But these pieces are also of intrinsic interest, not merely as signposts of literary movements. Stavans is not afraid to make unexpected choices. Argentina’s Domingo Faustino Sarmiento, the nation’s president from 1868 to 1874, produced a powerful account of his visit to the awesome Niagara Falls. Cuban revolutionary hero Jose Marti is represented by a newspaper report of an earthquake in Charleston, S.C., an account that is noted for its sensitivity to the city’s black inhabitants.

Spoken or unspoken, the assumption in many of these essays is that writers matter, their visions matter and they have an obligation to set aright their disordered societies. Chile’s premier poet, Pablo Neruda, said that the poet is like, of all things, the local baker.

“He fulfills his majestic yet humble task of kneading,” Neruda said in his 1971 Nobel Prize address, included here, “placing in the oven, browning and delivering our daily bread, with a true sense of community. And if a poet could be moved in the same way by such a simple conscience, that simple conscience would allow him to become part of an enormous work of art--the simple, or complicated, construction that is the building of a society, the transformation of man’s condition, the simple delivery of his wares: bread, truth, wine, dreams.”

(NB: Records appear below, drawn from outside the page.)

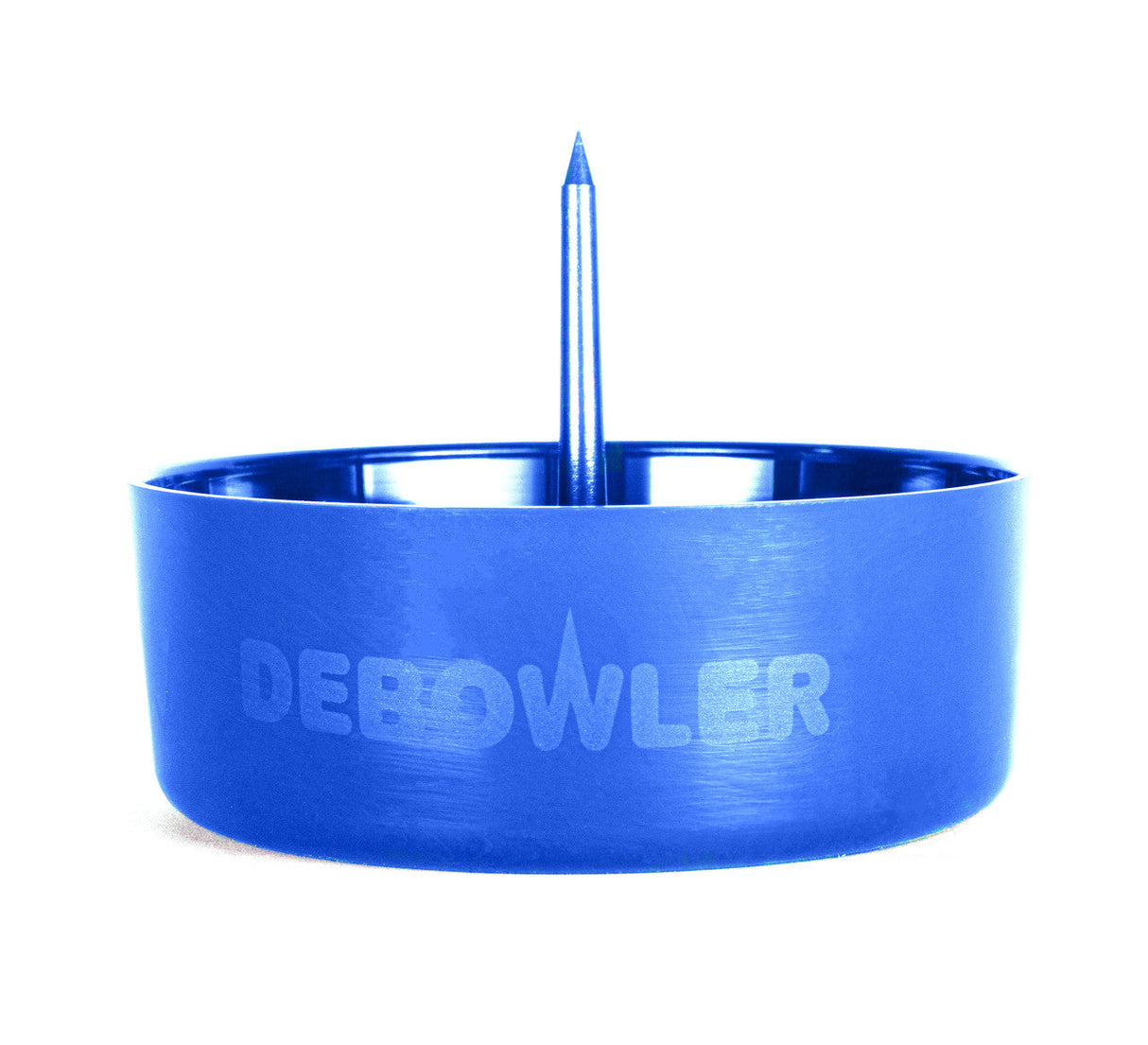 Cobalt Blue Debowler Spiked Ashtray with built-in poker, front angle on white background
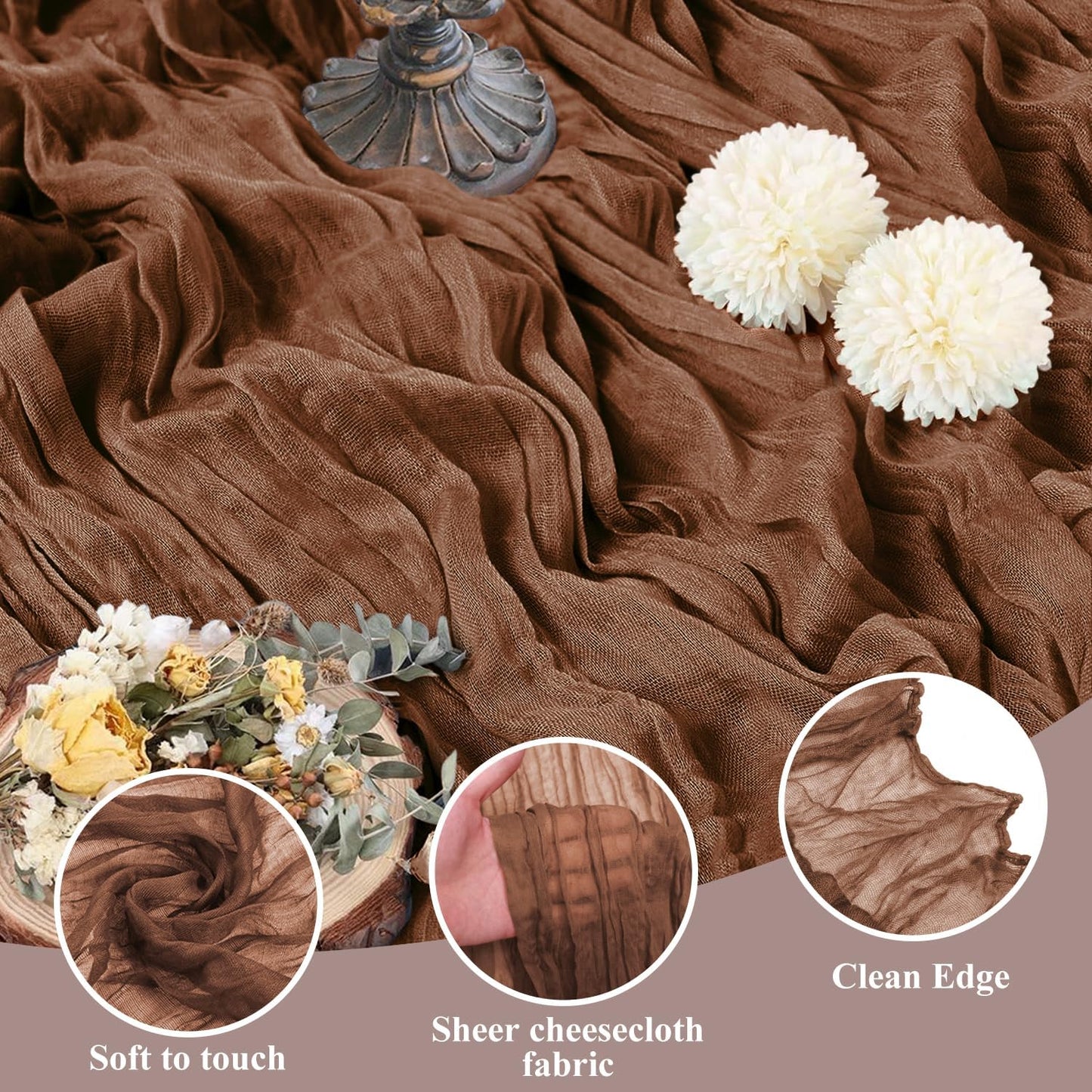Asee'm 12pcs Cheesecloth Table Runner 120 Inches Long Brown Boho Gauze Cheese Cloth Runner 10FT Rustic Sheer Fall Table Runners for Thanksgiving Christmas Wedding Party Baby Shower Decoration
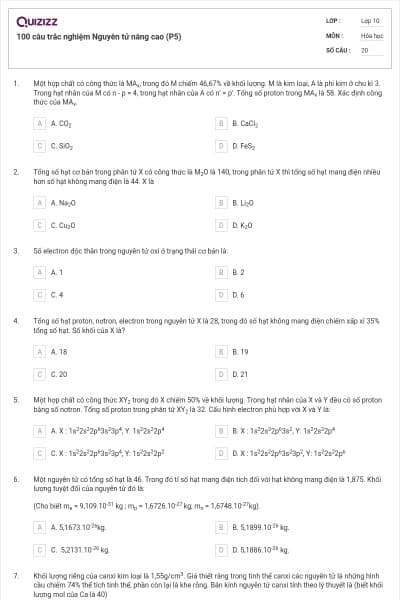 100 câu trắc nghiệm Nguyên tử nâng cao (P5)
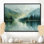 «Green Black Lake Breeze Sunrise Mist», reproduction d'art sur toile, paysage vert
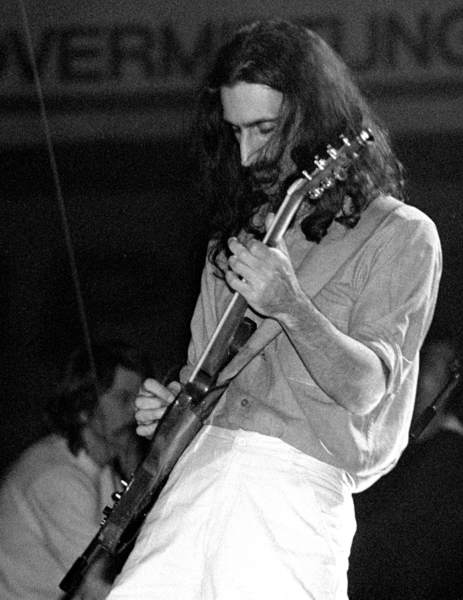 black and white image of Frank Zappa on stage in Zurich, 1979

A great number of Latin Americans have written about their homelands from abroad, whether this exile was imposed or chosen. Chilean writer Jose Donoso meditates on this theme in “Ithaca: The Impossible Return.” He explores the element in their works of ausencia, which is not translated by the “emotionally inert” “absence” but in Spanish is “an emotionally charged word, rich with connotations of dreaminess, of guilt and punishment, of sleep, of recall, even of madness.”

Exile, for Latin American writers, has been perhaps more common than not. Garcia Marquez wrote “One Hundred Years of Solitude” in Mexico, Mexican poet and essayist Octavio Paz wrote in Paris and India, Argentina’s Julio Cortazar wrote in Paris, Brazil’s Jorge Amado fled his country’s dictatorship, Miguel Angel Asturias attacked Guatemala’s dictatorship from Paris, and the list goes on.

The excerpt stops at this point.